(Items listed in a dataset)
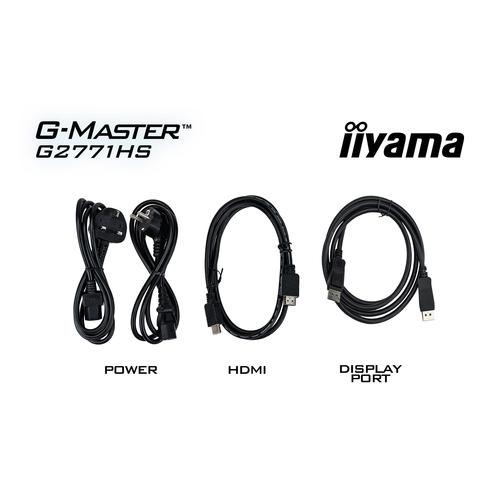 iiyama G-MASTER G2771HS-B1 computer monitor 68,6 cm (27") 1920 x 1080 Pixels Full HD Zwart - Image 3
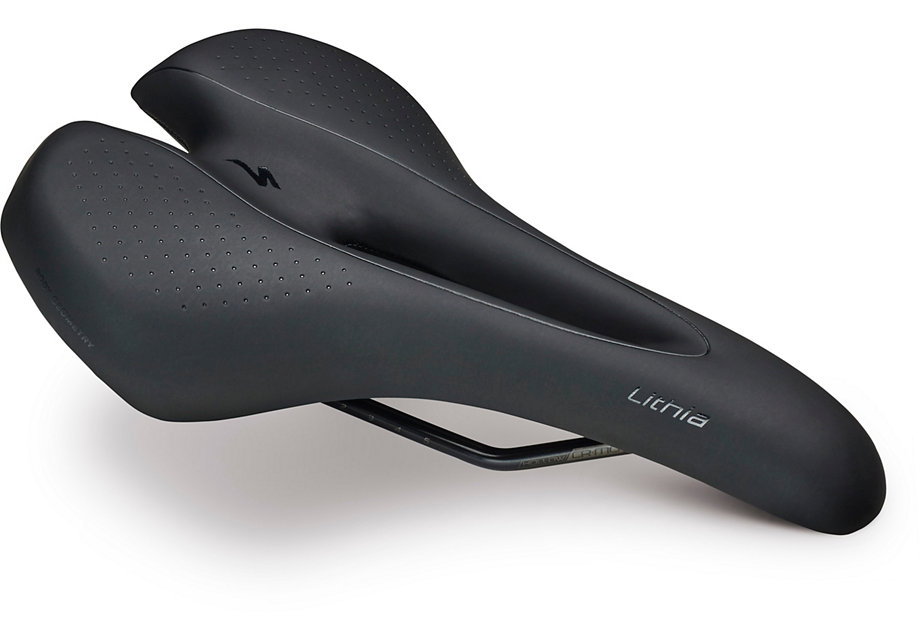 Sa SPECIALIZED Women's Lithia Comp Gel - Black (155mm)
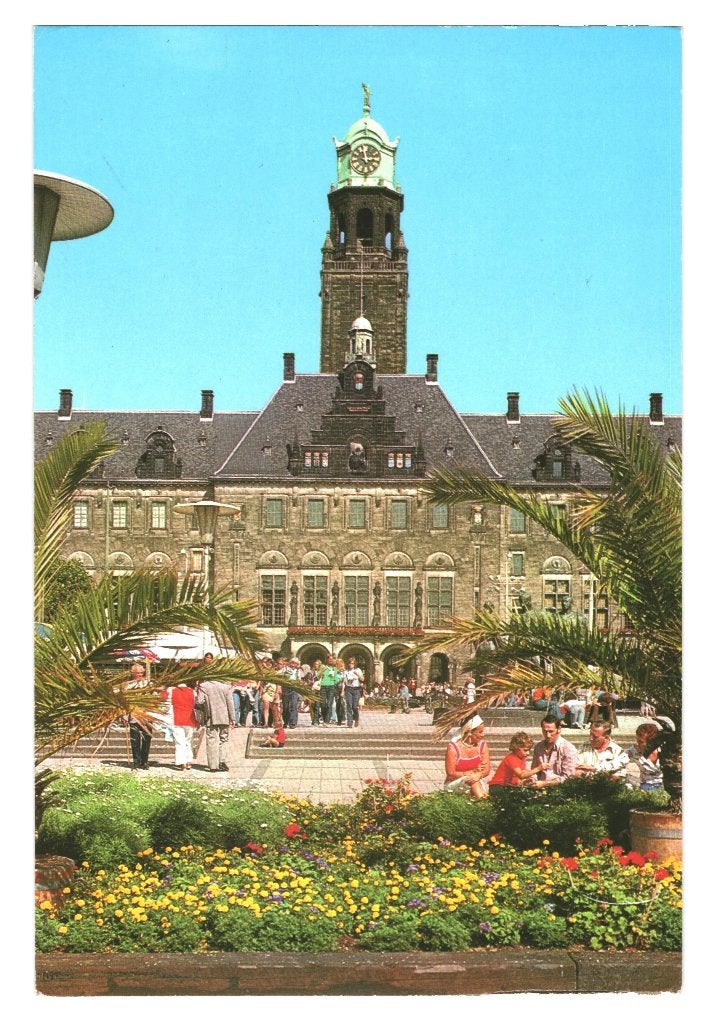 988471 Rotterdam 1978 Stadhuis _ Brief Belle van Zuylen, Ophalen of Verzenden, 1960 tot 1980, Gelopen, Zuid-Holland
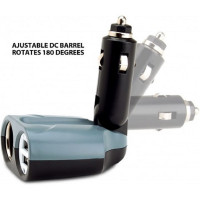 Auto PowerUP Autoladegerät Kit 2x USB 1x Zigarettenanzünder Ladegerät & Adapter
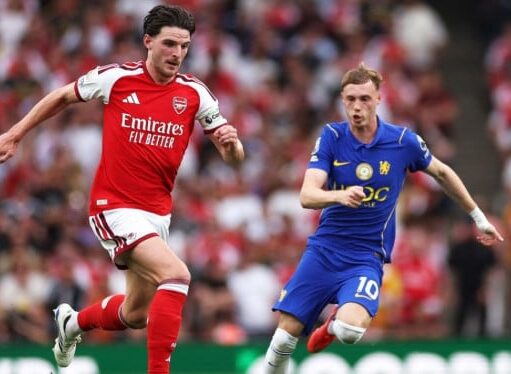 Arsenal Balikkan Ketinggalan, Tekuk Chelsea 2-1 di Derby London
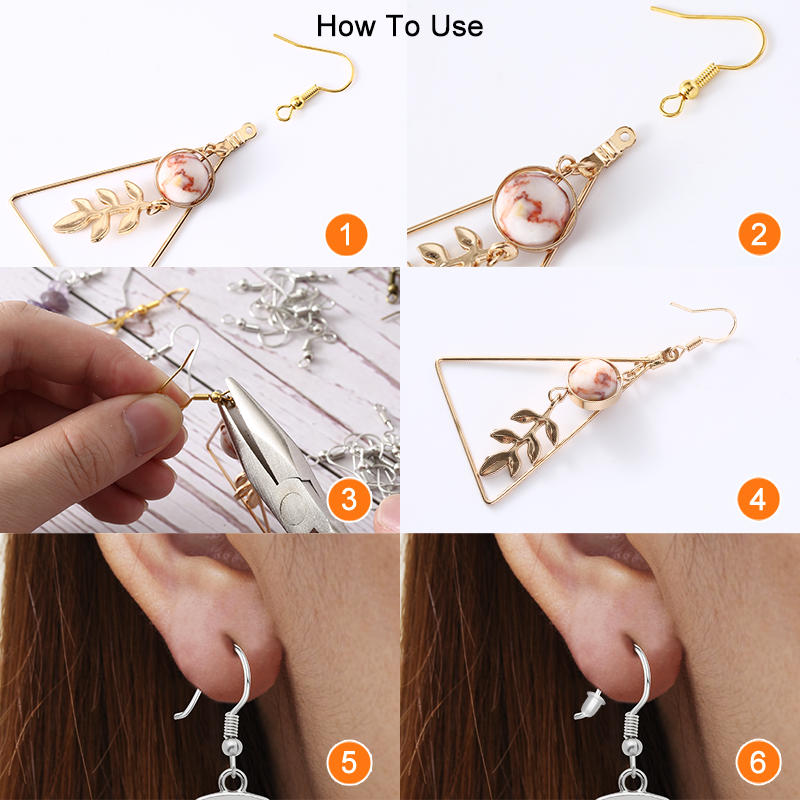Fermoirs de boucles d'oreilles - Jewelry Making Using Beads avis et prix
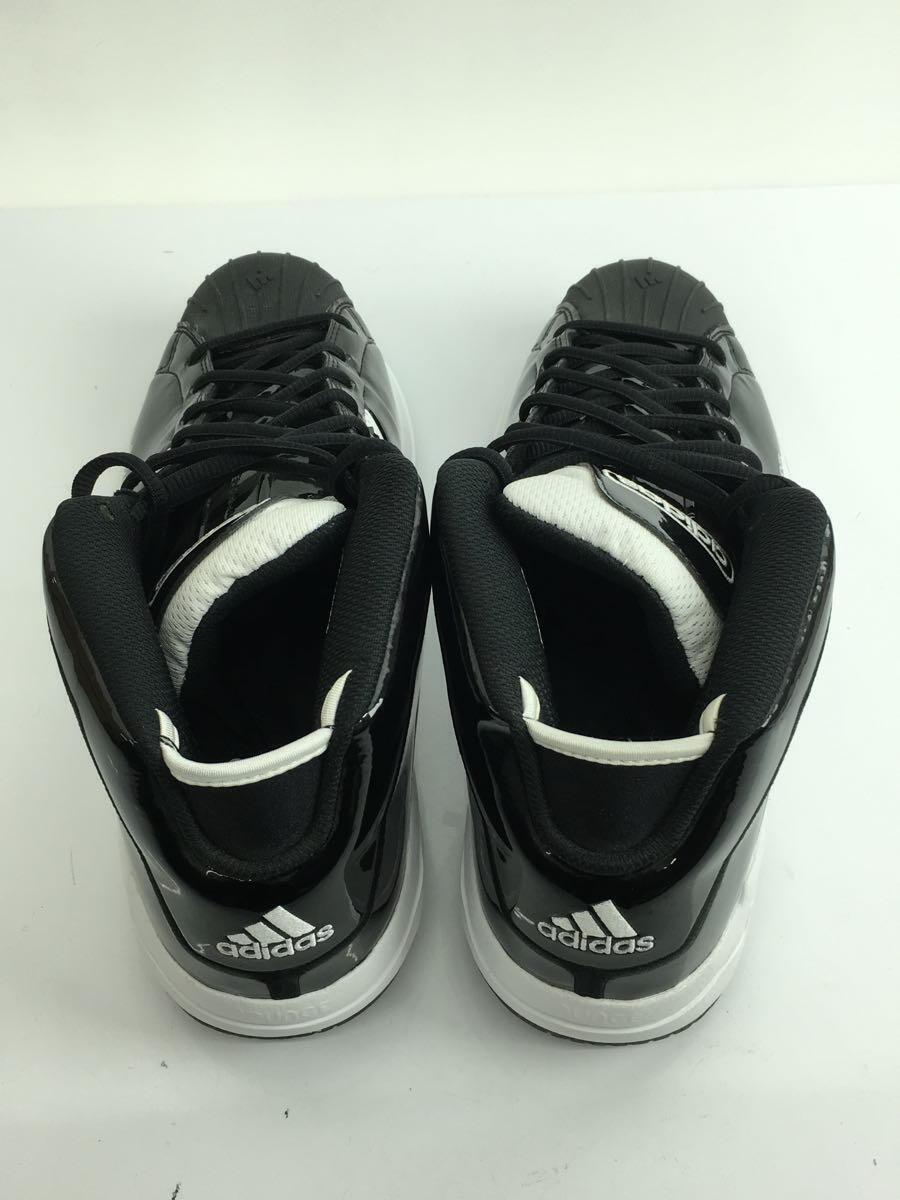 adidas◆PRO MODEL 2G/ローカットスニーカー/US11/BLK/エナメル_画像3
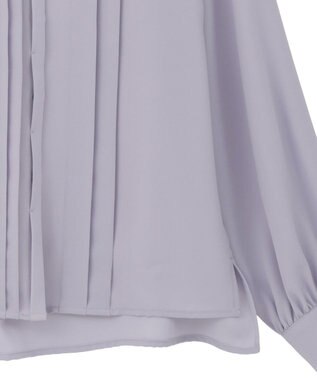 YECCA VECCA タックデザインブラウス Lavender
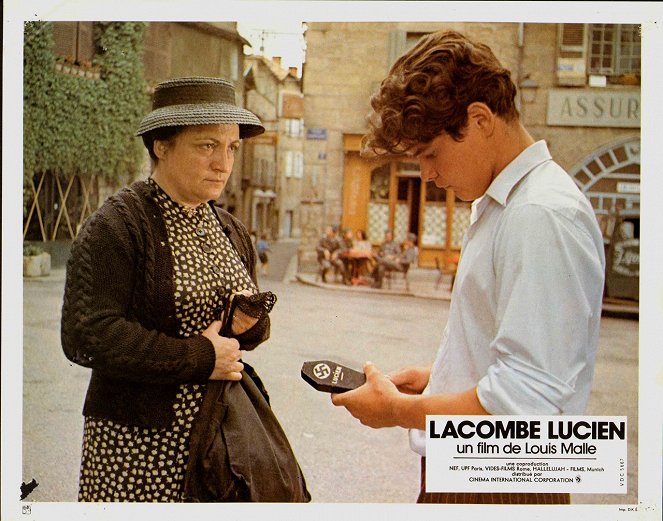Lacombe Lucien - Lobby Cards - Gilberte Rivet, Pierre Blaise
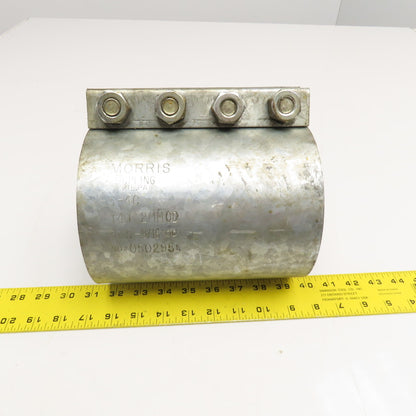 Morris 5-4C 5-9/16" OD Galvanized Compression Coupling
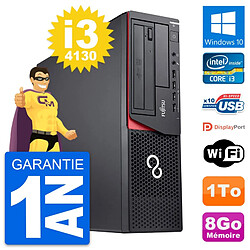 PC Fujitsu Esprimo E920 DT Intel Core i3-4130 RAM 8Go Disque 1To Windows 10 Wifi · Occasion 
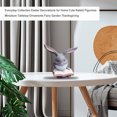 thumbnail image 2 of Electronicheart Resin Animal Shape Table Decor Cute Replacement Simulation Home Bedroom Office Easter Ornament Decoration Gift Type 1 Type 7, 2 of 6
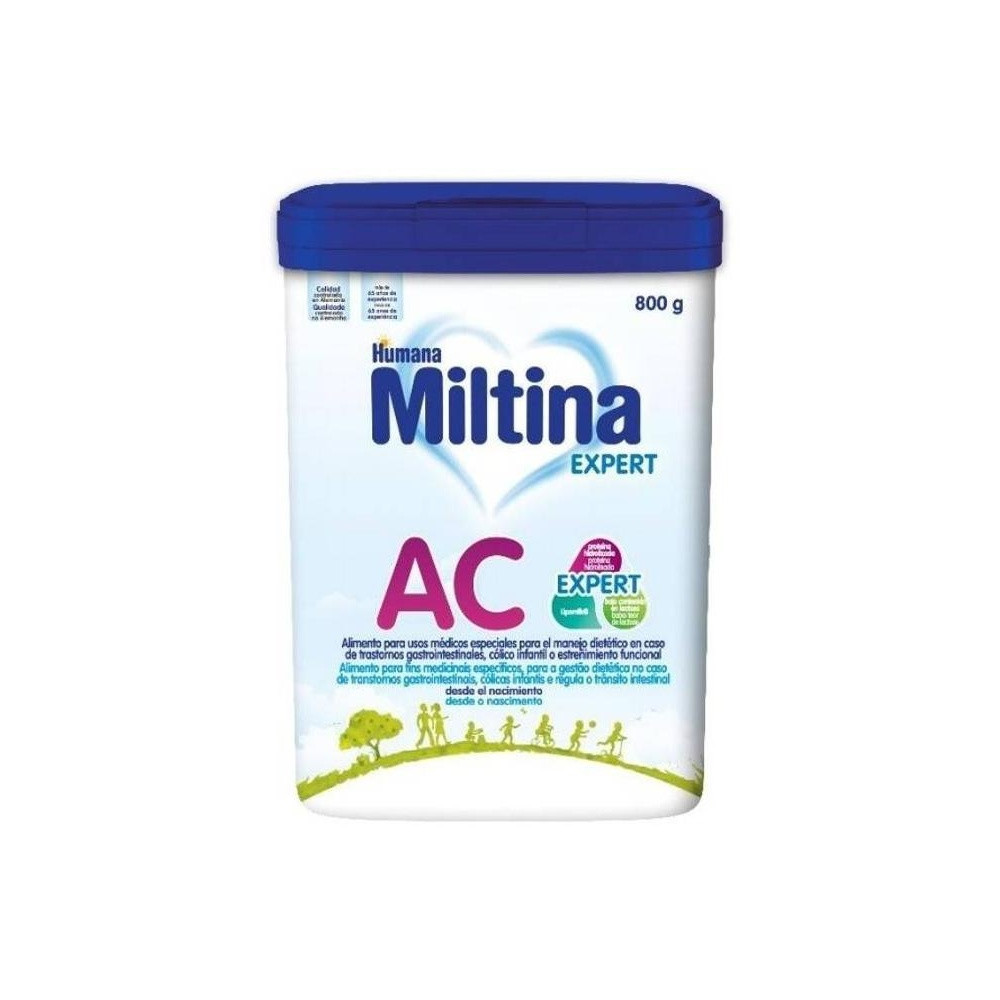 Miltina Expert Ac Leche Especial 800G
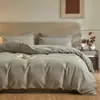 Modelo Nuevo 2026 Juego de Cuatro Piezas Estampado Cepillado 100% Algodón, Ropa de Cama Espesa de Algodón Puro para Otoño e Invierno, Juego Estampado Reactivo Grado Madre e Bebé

**What you should do**
Give the lines exactly, from the first line of the entries to the line with "Lacombe Lucien - Lobby", both ends included. Skip the pictures.

**Completed exercise**
 iiyama G-MASTER G2771HS-B1 computer monitor 68,6 cm (27") 1920 x 1080 Pixels Full HD Zwart - Image 3
 Sa SPECIALIZED Women's Lithia Comp Gel - Black (155mm)
 988471 Rotterdam 1978 Stadhuis _ Brief Belle van Zuylen, Ophalen of Verzenden, 1960 tot 1980, Gelopen, Zuid-Holland
 Auto PowerUP Autoladegerät Kit 2x USB 1x Zigarettenanzünder Ladegerät & Adapter
 Arsenal Balikkan Ketinggalan, Tekuk Chelsea 2-1 di Derby London
Fermoirs de boucles d'oreilles - Jewelry Making Using Beads avis et prix
 adidas◆PRO MODEL 2G/ローカットスニーカー/US11/BLK/エナメル_画像3
 YECCA VECCA タックデザインブラウス Lavender
Lacombe Lucien - Lobby Cards - Gilberte Rivet, Pierre Blaise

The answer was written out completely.